Hal senada juga disampaikan oleh Mantan Wakil kepala Badan Intelijen Negara (BIN) KH As'ad Said Ali. Menurutnya HTI sangat berambisi mengganti dasar negara dengan Daulah Islamiyah.

Kendati demikian Wakil Ketua Pengurus Besar Nahdlatul Ulama (PBNU) mengingatkan agar pembubaran HTI harus lepas dari tendensi politik. Wacana pembubaran harus berdasarkan niat tulus untuk menjaga Negara Kesatuan Negara Indonesia (NKRI).

"Kalau membubarkan harus berdasarkan ketulusan, demi NKRI bukan karena politik," jelasnya.

Lebih lanjut dia menegaskan bahwa HTI tidak mendapatkan tempat dan izin di semua negara Islam.  Namun yang mengherankan HTI malah berkembang di negara yang bukan mayoritas berpenduduk Islam. Antara lain di Amerika dan Inggris.

"Hanya di Amerika dan Inggris, Hizbut Tahrir mempunyai izin dan dibiarkan berkembang dengan baik,” ujarnya.

Melihat hal tersebut Alumnus Fisipol UGM Yogyakarta memiliki asumsi keberadaan HTI ini bisa menjadi corong negara-negara barat untuk 'mengobok-obok' negara Islam atau negara yang mayoritas penduduknya beragama Islam.

"Keberadaan paham ala barat yang menjunjung tinggi individualisme dan mengebiri kebersamaan, dan ini merupakan masalah besar yang lebih berbahaya ketimbang terorisme," demikain KH As'ad Said Ali.

Sementara itu Juru Bicara HTI Muhammad Ismail Yusanto menolak keras tudingan pemerintah bahwa organisasinya bertentangan dengan Pancasila dan UUD 1945. Terlebih wacana pembubaran tersebut tidak ada tindakan persuasif semacam teguran tertulis maupun diskusi.
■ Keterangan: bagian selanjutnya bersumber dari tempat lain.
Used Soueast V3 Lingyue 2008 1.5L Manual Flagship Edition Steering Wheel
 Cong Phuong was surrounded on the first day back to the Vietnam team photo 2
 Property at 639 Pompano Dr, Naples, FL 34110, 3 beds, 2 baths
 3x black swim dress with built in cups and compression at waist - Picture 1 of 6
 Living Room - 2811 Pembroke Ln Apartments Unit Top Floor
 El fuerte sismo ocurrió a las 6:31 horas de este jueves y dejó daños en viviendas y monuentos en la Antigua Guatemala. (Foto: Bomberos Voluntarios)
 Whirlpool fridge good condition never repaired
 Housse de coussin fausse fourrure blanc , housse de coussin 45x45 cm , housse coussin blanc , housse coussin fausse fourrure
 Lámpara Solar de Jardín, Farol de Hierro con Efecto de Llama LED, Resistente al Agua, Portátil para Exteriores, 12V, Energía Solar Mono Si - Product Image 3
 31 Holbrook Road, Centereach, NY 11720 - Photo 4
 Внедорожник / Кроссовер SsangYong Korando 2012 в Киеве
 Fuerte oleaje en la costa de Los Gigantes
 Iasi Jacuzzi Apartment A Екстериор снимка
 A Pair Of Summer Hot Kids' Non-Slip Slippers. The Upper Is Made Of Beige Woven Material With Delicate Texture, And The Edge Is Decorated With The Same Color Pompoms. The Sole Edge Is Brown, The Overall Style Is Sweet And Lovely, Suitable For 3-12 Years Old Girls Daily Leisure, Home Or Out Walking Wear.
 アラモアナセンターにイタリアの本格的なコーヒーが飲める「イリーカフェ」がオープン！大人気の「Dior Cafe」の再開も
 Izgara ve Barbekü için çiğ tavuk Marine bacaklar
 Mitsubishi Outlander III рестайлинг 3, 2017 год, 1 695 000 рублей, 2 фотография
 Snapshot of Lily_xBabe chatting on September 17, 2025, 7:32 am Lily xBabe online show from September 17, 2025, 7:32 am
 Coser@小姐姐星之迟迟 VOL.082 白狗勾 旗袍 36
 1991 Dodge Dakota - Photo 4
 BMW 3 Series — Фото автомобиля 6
Ismail mengungkapkan selama 20 tahun berdiri di Indonesia HTI sejalan dengan pemerintah. Dakwah HTI yang  sudah tersebar di 33 provinsi dan lebih dari 300 kota dan kabupaten tidak pernah ada niatan dan ajakan untuk memecah belah kesatuan bangsa dalam bingkai Negara Kesatuan Republik Indonesia (NKRI) yang berdasarkan Pancasila.